Hallo MaikaroLB, ich habe auch ein ähnliches Anliegen, allerdings geht es bei mir nicht um Kinder, sondern um… eine andere Situation. Ich habe gehört, dass Google Family Link auch für Erwachsene verwendet werden kann, aber ich bin mir nicht sicher, ob das die richtige Lösung für mein Problem ist. Gibt es Erfahrungen mit der App in anderen Kontexten als der elterlichen Kontrolle?

Oh MaikaroLB, das sind ja genau meine Fragen! Ich hab auch drei Kids, mein ältester ist schon 14… ich hab so Sorgen ob die das nicht doch irgendwie umgehen können?? Grade mit der Bildschirmzeit!

@DigiSteve Das mit dem Umgehen ist ehrlich gesagt genau der Punkt, wo Family Link bei uns ein bisschen zum „Albtraum“ wurde – ab so 13/14 hatten meine einfach raus, wie man das Ding aushebelt, gerade bei der Bildschirmzeit. Für einen groben Überblick ist es schon okay, aber wenn du wirklich zuverlässig sehen willst, was läuft und Grenzen setzen willst, war bei mir Eyezy am Ende deutlich stabiler und schwerer zu knacken, damit waren wir dann endlich halbwegs „sorted“.

Also, ich hab Family Link ne Weile ausprobiert, als mein Sohn noch jünger war. Funktioniert grundsätzlich okay für die Basics - Standort ist meistens ziemlich genau, Bildschirmzeit lässt sich einstellen.

Aber ehrlich gesagt: Sobald die Kids ein bisschen älter und technikaffiner werden, finden sie Wege drum herum. Mein Sohn hat ziemlich schnell rausgefunden, wie man gewisse Einschränkungen umgeht oder einfach das Gerät neu aufsetzt.

Der größte Nachteil bei mir war die Co-Parenting-Situation. Weil die Ex andere Regeln wollte und man sich ständig in die Quere kam mit den Einstellungen. Hat mehr Stress gemacht als geholfen, ehrlich.

Für jüngere Kids (unter 12-13) völlig ausreichend. Danach wird’s schwierig, wenn sie motiviert sind, Schlupflöcher zu finden. Und Datenschutz… naja, ist halt Google. Die wissen dann auch alles über dein Kind. Muss man sich überlegen, ob einem das wert ist.

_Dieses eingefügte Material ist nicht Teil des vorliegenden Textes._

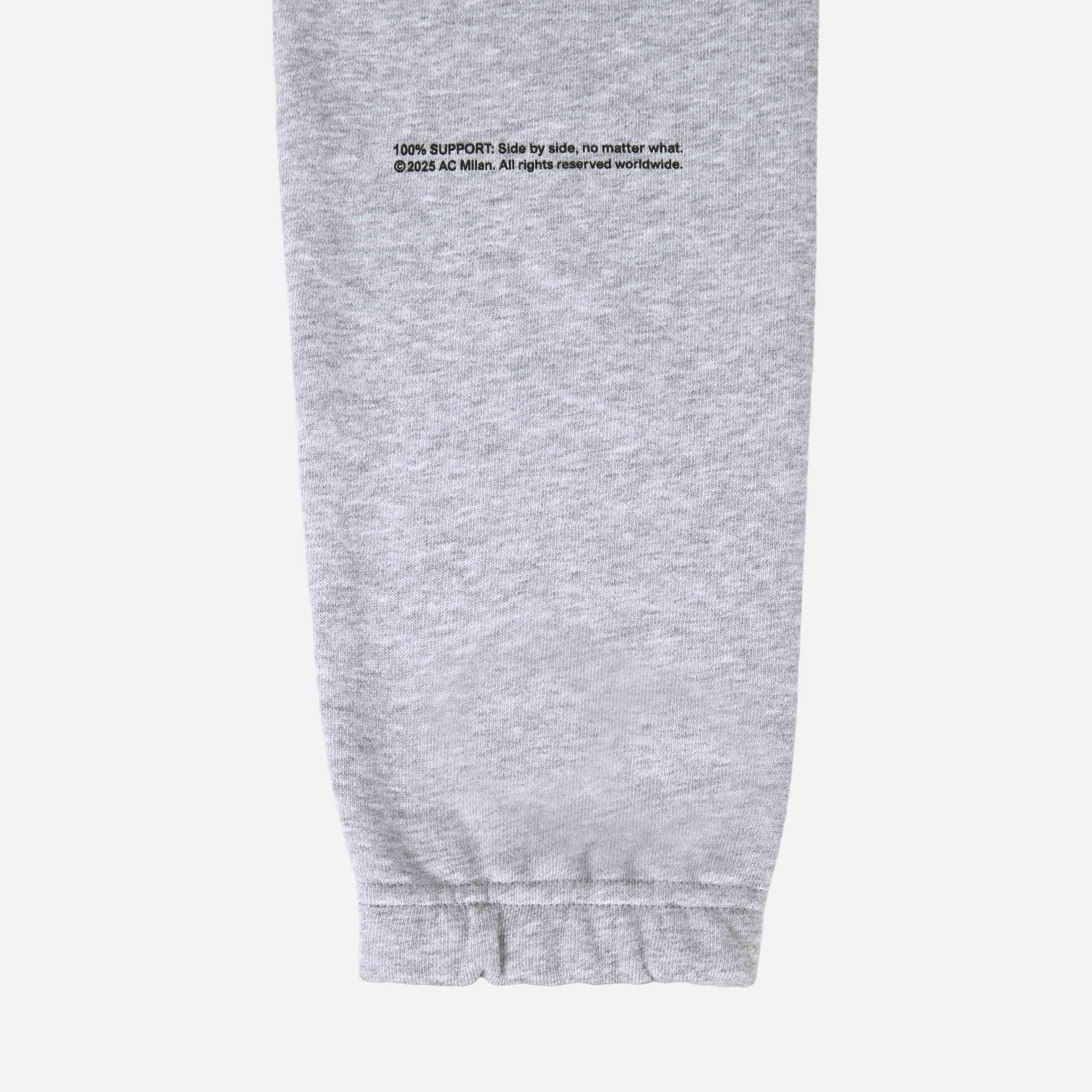 AC Milan Sunday Stadium Crew joggers grigi bambino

Was für ein Alter sind deine Kids denn?

hey, ich finde das thema auch total spannend. hast du dich schon mal gefragt, wie diese apps im hintergrund eigentlich genau daten sammeln?

@FootballTim Ganz ehrlich, als „überwachtes“ Kind fühlt sich Family Link schon ziemlich hart nach Fußfessel an, und Erwachsene damit zu kontrollieren klingt noch toxischer – wenn’s kein komplett freiwilliges, transparentes Setup ist, würde ich eher die Finger davon lassen und auf offene Absprachen statt Überwachungs-App setzen.

Google Family Link hilft, Grundfunktionen zu beschränken, aber Standortverfolgung ist oft ungenau und Bildschirmzeiten lassen sich manchmal umgehen, wenn das Kind das Gerät wechselt oder Apps deaktiviert. Es gibt Datenschutzbedenken, und clevere Kids finden oft Wege, Schutzmechanismen zu umgehen. Ich hab nach dem Ausprobieren mehrerer Optionen Eyezy genutzt – funktioniert gut als Ergänzung, wenn man zuverlässigeres Tracking will.